Em agosto de 2014, logo depois do assassinato de um jovem negro de 18 anos, Michael Brown, desarmado e sem registro em delegacias, por um policial branco, houve protestos na cidade de St. Louis, no estado americano do Missouri, rapidamente espalhados pelos Estados Unidos. Em maio de 2020, outro episódio de igual abuso, o estrangulamento de George Floyd, em Minneapolis, reacendeu com tintas nunca antes vistas o grito do movimento Black Lives Matter. Os dois lamentáveis eventos são considerados marcos da explosão da chamada onda woke — expressão derivada do verbo to wake, acordar, em inglês. Era o despertar de um anseio legítimo e necessário, sinônimo de democracia e humanidade, a permanente luta pelo direito à diversidade e a opiniões, independentemente do grupo social, das escolhas sexuais, da postura política.
Contudo, como é comum na história da civilização, e porque o outro lado, o dos ultraconservadores, nunca deixou de provocar espanto, houve algum exagero. E o que era a defesa da tolerância e do amor por vezes virou o avesso, entre a intolerância e o ódio. Causas justíssimas — porque todos os grupos deveriam ter a liberdade de se manifestar — caíram no radicalismo, e o tom woke virou o politicamente correto levado a um extremo que não raro se converte em intransigência. Tomem-se como exemplo as invasões de universidades americanas, em abril, por cidadãos que defendiam a Palestina contra a agressividade de Israel, sem as nuances que assunto de tal complexidade requer para o bom debate. O correto, insista-se, é haver amplo e igual espaço para ideias opostas, sem violência.

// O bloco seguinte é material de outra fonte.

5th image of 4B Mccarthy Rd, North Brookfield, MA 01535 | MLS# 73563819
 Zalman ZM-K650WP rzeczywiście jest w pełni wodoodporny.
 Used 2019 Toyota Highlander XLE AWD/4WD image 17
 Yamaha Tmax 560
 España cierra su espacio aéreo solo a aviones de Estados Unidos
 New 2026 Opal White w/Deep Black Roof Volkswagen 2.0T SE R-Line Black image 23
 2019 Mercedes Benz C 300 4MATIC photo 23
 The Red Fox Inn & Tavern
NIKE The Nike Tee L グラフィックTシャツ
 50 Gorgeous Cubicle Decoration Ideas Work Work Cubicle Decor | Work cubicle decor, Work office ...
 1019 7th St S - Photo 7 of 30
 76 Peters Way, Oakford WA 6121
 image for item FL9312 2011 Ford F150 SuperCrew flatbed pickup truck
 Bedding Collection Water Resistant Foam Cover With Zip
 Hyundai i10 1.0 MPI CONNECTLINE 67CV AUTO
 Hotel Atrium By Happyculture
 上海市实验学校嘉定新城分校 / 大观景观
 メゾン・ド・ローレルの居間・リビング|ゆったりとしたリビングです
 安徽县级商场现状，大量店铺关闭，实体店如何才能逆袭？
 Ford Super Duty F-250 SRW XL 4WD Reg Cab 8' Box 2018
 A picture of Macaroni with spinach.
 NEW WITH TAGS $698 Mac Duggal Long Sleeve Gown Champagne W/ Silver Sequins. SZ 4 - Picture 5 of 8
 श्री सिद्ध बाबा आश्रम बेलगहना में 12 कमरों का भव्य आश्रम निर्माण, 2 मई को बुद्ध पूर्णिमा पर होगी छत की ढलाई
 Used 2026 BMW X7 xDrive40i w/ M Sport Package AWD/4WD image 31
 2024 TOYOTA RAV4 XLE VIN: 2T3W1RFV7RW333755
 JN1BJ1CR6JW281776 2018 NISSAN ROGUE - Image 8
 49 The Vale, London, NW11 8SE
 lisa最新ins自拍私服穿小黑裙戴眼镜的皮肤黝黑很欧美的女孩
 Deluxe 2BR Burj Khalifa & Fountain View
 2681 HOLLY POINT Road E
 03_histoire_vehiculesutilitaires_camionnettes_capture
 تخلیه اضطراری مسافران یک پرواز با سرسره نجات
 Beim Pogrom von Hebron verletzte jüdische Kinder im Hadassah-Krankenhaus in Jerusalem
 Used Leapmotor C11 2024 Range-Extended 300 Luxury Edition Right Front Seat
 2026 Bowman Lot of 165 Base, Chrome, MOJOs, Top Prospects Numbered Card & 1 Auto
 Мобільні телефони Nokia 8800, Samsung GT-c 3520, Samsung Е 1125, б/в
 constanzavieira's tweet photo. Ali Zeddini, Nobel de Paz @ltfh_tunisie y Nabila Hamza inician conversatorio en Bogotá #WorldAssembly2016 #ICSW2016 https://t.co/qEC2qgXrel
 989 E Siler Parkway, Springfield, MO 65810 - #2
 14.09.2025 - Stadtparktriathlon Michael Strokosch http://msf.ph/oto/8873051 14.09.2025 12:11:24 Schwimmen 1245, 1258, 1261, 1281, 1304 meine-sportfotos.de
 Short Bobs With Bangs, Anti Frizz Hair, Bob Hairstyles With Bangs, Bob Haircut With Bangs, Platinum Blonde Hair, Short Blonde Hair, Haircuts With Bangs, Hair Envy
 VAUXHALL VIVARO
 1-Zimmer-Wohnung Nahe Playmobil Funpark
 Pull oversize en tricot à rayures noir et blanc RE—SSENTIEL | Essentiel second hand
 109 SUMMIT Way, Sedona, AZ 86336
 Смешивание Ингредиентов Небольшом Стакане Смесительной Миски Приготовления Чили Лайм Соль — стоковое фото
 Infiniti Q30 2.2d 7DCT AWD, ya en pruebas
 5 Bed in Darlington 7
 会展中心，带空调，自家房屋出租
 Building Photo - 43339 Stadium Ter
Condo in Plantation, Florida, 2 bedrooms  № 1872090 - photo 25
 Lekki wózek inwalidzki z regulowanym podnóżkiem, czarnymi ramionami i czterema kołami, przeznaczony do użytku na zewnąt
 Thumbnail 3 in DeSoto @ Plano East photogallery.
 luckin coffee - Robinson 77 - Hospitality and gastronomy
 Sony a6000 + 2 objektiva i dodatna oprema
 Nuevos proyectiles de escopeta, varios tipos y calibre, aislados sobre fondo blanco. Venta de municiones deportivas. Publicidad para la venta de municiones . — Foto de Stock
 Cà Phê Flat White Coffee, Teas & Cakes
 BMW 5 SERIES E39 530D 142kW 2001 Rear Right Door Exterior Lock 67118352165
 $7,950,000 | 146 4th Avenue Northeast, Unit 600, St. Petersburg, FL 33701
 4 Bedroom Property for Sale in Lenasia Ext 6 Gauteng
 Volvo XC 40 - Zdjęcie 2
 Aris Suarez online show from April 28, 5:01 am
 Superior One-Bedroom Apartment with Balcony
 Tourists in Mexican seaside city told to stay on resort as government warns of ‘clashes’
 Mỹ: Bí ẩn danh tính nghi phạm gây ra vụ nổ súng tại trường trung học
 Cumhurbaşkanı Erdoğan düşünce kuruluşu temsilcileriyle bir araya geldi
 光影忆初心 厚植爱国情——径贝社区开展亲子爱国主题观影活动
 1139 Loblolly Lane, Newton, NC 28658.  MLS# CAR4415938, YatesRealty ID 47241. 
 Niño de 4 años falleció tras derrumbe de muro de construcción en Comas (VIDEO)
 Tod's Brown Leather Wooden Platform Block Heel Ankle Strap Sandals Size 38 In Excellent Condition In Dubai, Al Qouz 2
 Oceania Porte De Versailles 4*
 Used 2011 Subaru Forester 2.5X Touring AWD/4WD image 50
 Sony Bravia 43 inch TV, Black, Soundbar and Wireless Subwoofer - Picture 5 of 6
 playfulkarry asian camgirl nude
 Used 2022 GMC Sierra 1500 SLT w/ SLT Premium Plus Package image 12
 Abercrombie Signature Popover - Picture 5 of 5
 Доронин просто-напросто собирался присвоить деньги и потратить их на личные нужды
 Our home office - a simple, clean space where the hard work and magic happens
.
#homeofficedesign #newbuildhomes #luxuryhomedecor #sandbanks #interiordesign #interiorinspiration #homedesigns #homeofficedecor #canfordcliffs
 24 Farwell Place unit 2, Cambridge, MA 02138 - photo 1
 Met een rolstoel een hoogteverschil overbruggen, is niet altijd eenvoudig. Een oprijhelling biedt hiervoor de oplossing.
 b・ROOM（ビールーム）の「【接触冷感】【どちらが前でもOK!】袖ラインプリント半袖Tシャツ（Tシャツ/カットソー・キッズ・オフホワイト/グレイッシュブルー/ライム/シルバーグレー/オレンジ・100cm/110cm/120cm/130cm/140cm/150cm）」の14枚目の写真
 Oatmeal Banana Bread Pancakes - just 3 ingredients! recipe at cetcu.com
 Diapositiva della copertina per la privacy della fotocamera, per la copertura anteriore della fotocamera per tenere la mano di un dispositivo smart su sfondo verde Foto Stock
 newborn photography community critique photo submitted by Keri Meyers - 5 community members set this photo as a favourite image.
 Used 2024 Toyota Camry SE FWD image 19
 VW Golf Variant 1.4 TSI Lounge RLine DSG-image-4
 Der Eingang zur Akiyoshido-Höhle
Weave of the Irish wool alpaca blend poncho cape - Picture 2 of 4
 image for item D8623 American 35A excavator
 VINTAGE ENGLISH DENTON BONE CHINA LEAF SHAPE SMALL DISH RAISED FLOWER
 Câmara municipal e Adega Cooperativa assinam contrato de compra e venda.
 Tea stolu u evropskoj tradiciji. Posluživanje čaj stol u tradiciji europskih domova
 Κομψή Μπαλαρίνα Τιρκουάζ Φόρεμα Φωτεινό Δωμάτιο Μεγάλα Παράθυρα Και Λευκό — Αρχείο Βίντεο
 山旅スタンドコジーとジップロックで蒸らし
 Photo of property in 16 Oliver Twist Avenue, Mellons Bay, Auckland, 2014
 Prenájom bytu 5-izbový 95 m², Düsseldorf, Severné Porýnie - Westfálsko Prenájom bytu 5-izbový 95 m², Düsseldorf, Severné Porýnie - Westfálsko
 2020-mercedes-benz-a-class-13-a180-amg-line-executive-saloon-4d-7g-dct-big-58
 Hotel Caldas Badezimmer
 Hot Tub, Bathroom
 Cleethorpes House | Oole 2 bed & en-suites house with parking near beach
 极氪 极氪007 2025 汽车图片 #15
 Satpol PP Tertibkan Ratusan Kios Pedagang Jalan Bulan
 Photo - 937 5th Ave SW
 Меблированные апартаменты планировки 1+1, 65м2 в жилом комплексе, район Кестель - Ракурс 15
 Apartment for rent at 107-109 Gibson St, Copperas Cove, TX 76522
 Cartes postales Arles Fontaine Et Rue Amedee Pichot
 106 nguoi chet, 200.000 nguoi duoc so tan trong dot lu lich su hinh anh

Era esperado que a eleição de Donald Trump e de outros grupos da direita populista, em todo o mundo, alimentasse algum tipo de reação, ancorada numa suposta tradição religiosa e comportamental — e é o que vem ocorrendo, como mostra minuciosa reportagem da edição. O woke deu um passo atrás. Não se deve, porém, atirá-lo ao lixo, porque sua origem é positiva. O caminho é o bom senso, o ponto de equilíbrio que assegure as vitórias já conquistadas e elimine, de uma vez por todas, os preconceitos de quem não tolera o outro.